-- Records for the exercise follows --

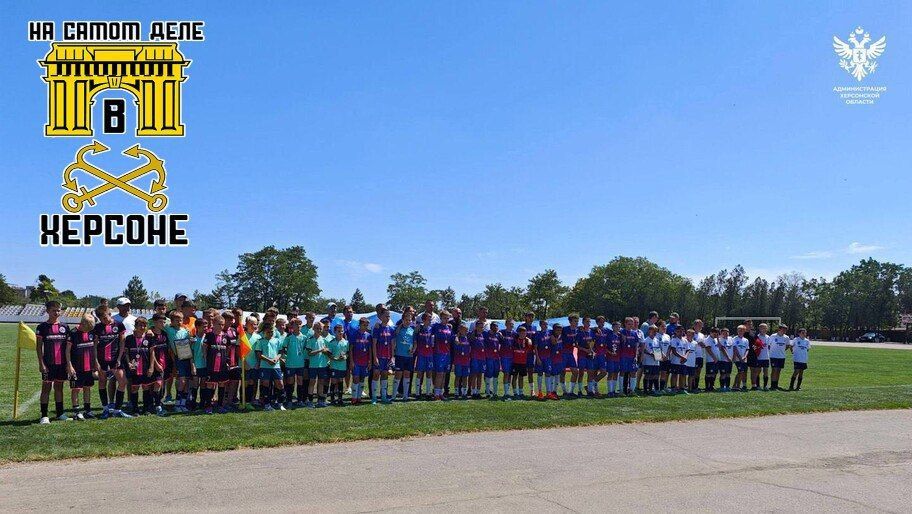 � ����������� ��������� ���������� ������ ������ ����������� ���������� �������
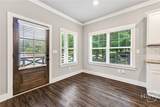 795 Mitchell Bridge Road - Photo 8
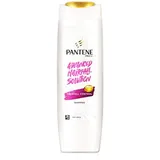 PANTENE HAIRFALL CONTROL SHAMPOO 180ML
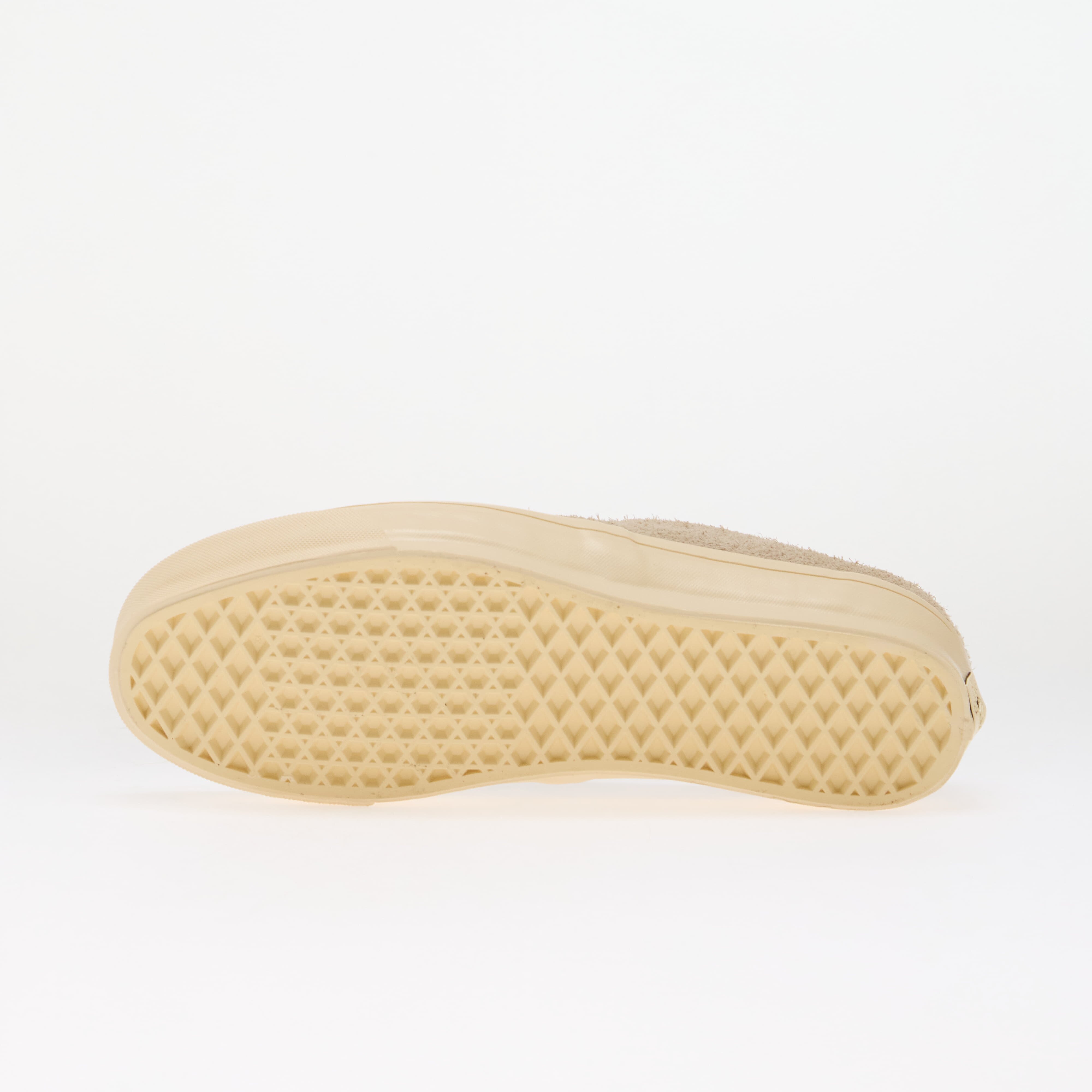 Vans Сникърси LX Authentic 44 Creme Brule
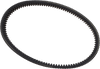 Dura Series Drive Belt - Polaris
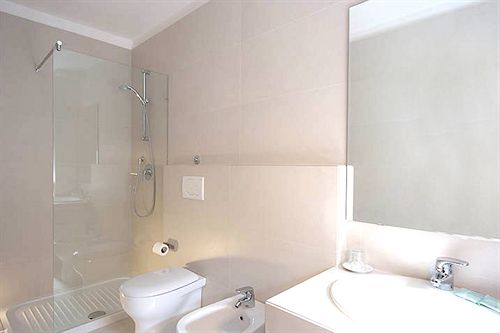 Hotel Genius Downtown  | Milano | Milano | Italia 20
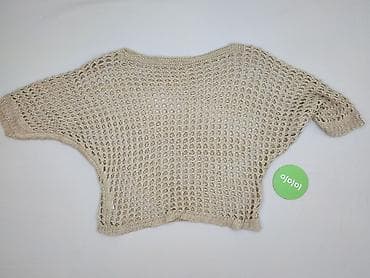 body cropp: Sweter damski, rozmiar 6XL — 3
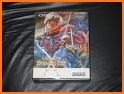 CROSSED SWORDS ACA NEOGEO related image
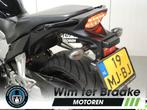HONDA VFR 800 X CROSSRUNNER (bj 2013), Motoren, 782 cc, 4 cilinders, Bedrijf, Meer dan 35 kW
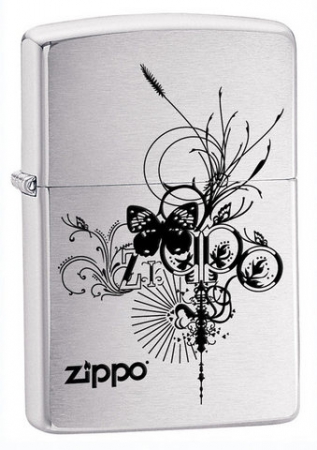  Zippo  24800  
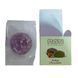 Десерт Моти Дубайский шоколад 736 фото 2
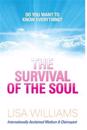 The Survival of the Soul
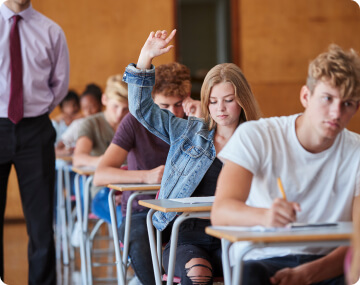 école-admission-1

-- Records for the exercise concluded --

* Assignment: The line containing "CROSSED SWORDS ACA NEOGEO related image" and every line after it, up to the last line of the data, should be returned exactly, without the pictures.

* Response for this exercise:
 CROSSED SWORDS ACA NEOGEO related image
HONDA VFR 800 X CROSSRUNNER (bj 2013), Motoren, 782 cc, 4 cilinders, Bedrijf, Meer dan 35 kW
  Zippo  24800  
 Десерт Моти Дубайский шоколад 736 фото 2
 The Survival of the Soul
 école-admission-1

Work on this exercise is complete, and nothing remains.